You can but just make sure if you find them in a yard you are 100% certain that it wasnt chemically fertilized or had pesticid's used.


----------



## Sanjo Eel (Aug 21, 2008)

All fish are nuts for worms







but yeah my rhom hits them faster than any other food I put in there.


----------



## notaverage (Sep 10, 2005)

Nightcrawlers....


----------



## Da' Manster! (Sep 1, 2009)

oh hell yes!...nightcrawlers and bloodworms (very expensive) are one of the best things to give your piranhas!..

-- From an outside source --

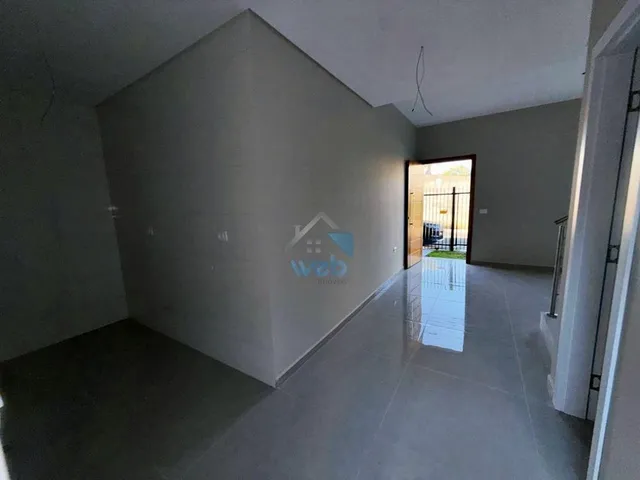 Imagem 14: Sobrado com três quartos no Bairro ITATIAIA, pronto para financiar, contando com 3
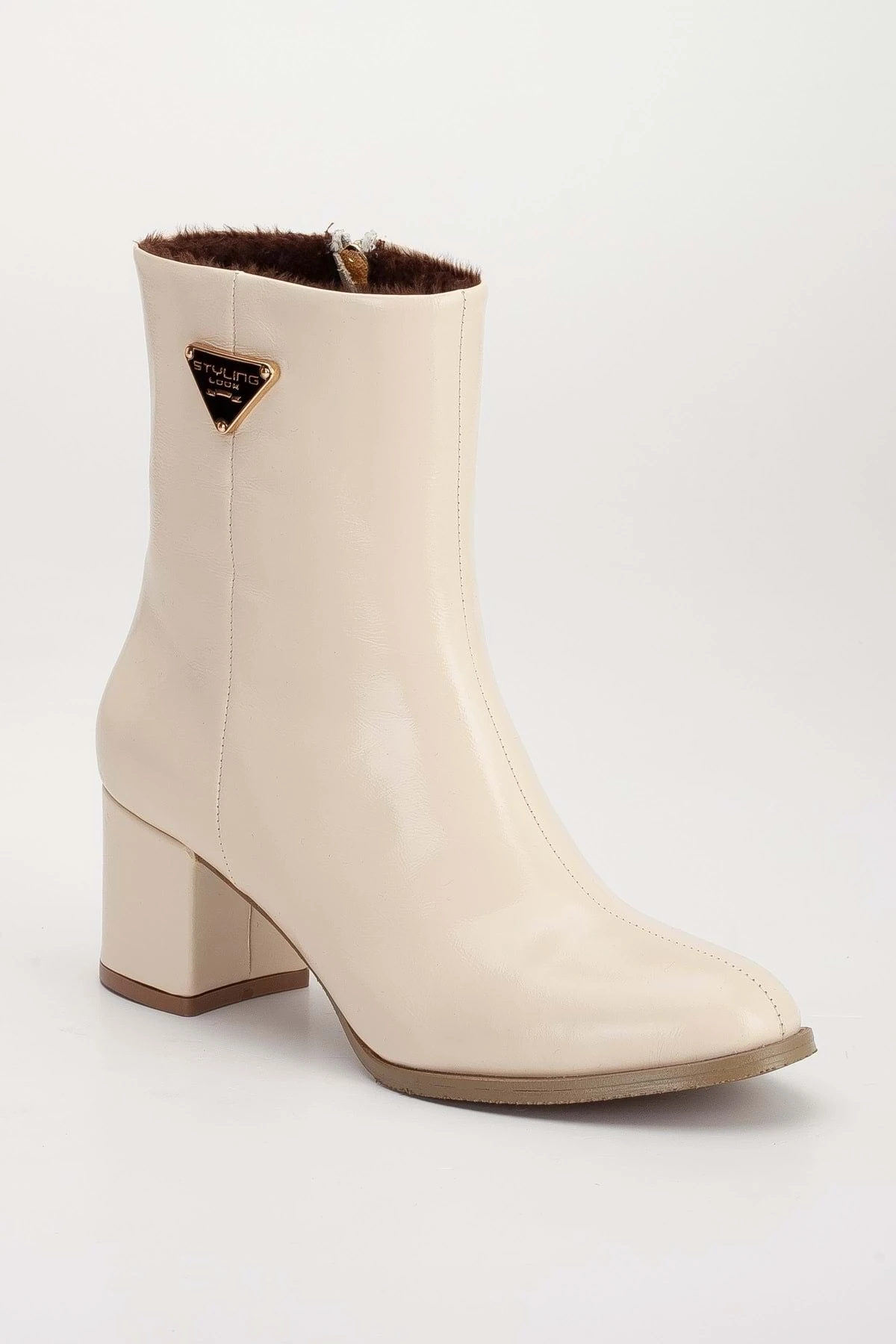 Kadın Hakiki Deri Aksesuarlı Topuklu Bot - BEJ RUGAN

...They rock like a RUSH concert!!!...


----------



## ibcd (Jan 8, 2011)

My p's love worms. They go nuts for em.


----------



## Wallah Suriel (Jul 17, 2011)

Awesome! I threw a tadpole in lastnight and it nearly evaporated on contact. They loved it.

Thanks for the heads up!


----------



## Joe.G (Dec 20, 2010)

My RBP's dont like worms at all. I put them in the tank they sink and then they will start to crawl under the rocks.


----------



## scotty (Oct 3, 2007)

Haven't tried this yet. It would be a hell of alot cheaper that shrimp!


----------



## ScarsandCars (Jul 17, 2011)

Mine love nightcrawlers. Never seen em go that crazy. Thing was gone in seconds after they started. Thanks for showing me this!


----------